Per i prestiti al di sopra dei 25.000 euro, presenti nella tavola 2 della relazione che abbiamo depositato, i dati riportano un numero di domande complessive pari a 4.335 di cui quelle accettate sono state 3.860. Altri dati si riferiscono sempre ad altre comparazioni di questo tipo. Le domande di moratoria trattate dalle banche popolari sono state 43.000, 41.000 accettate, con una percentuale del 94 per cento.
Questo è il quadro generale, sul quale resto a disposizione per ogni chiarimento che fosse eventualmente necessario. Sono dati che ci confortano largamente al di sopra del sistema.

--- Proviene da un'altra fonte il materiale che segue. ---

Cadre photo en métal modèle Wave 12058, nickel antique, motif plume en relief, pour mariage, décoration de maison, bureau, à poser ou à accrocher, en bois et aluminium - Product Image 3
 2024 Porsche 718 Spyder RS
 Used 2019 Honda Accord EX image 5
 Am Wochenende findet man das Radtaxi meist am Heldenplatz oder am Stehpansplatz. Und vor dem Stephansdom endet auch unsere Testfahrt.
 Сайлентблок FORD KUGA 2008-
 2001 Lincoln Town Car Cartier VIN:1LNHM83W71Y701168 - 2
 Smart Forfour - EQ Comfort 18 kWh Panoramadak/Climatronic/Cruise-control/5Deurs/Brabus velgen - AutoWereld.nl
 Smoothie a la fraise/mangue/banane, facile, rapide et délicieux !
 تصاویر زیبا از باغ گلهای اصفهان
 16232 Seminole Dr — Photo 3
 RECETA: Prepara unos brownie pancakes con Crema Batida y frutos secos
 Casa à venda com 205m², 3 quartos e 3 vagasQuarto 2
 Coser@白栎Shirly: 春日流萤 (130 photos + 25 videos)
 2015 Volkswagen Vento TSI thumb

Ho ancora qualche minuto, quindi ne approfitto per fare una valutazione di carattere generale. Proprio oggi sul Sole 24 ORE campeggia il titolo «le aggregazioni devono essere fatte» o comunque si spinge per le aggregazioni. Io credo, ed è il parere della nostra categoria, che le aggregazioni Pag. 6in sé non siano né buone né cattive. Sono buone, se aggregano dei soggetti deboli, sono cattive, se aggregano soggetti buoni, capitalizzati. Ho visto con grande piacere che anche il presidente Enria considera comunque una forza la biodiversità. Quindi è necessario che questa valutazione sia fatta anche alla luce di quello che il presidente Enria ha detto. Che poi siano buone o cattive c'è da dire che un effetto negativo le aggregazioni comunque lo conseguono, perché riducono la concorrenza tra banche e diminuiscono fortemente l'accesso al credito delle piccole e medie aziende. Oggi vi sono intere zone del territorio italiano, in particolare al Sud, prive di un sistema bancario in concorrenza e spesso prive di banche del tutto. A Nord la situazione oligopolista è alle porte. Da più parti si pensa che questo sia il risultato voluto dal pensiero unico e dalla finanza internazionale. Io dico onestamente che sono tra quelli.
Credo che vada ammesso, a proposito della riforma delle Popolari, che vi erano delle banche troppo grandi per poter essere considerate banche di territorio, ancorché caratterizzate da ampi poteri delegati alle sedi periferiche, ma si sarebbe potuta percorrere, a nostro avviso, un'altra strada più proficua e meno dannosa, ad esempio quella di scorporare l'azienda bancaria dalla cooperativa con l'assunzione da parte sua della forma giuridica della Spa, restando la stessa tale e quindi con il voto capitario compreso.
È una soluzione che, a nostro avviso, presenta diversi vantaggi. Il primo sarebbe quello di far crescere dimensionalmente la banca senza perdere il link con il territorio che non è tanto legato all'articolazione della rete quanto al modo di fare banca. Verrebbe poi in questo modo superata una delle perplessità più ricorrenti da parte delle autorità di vigilanza, ovvero il fatto che il voto capitario rappresenterebbe un ostacolo al reperimento di mezzi freschi sul territorio. Lo scopo dell'azienda bancaria, in ogni caso, eviterebbe tentazioni per amministratori infedeli che fossero intenzionati ad utilizzare le famose operazioni baciate per trovare nuovi mezzi. Alla holding popolare resterebbero i compiti di mutualità esterna a favore del territorio come da tradizione storica delle popolari, i cui statuti consacrano questo criterio, nella felice coincidenza che più cresce il territorio e più cresce la banca, così come più cresce la banca, più cresce il territorio.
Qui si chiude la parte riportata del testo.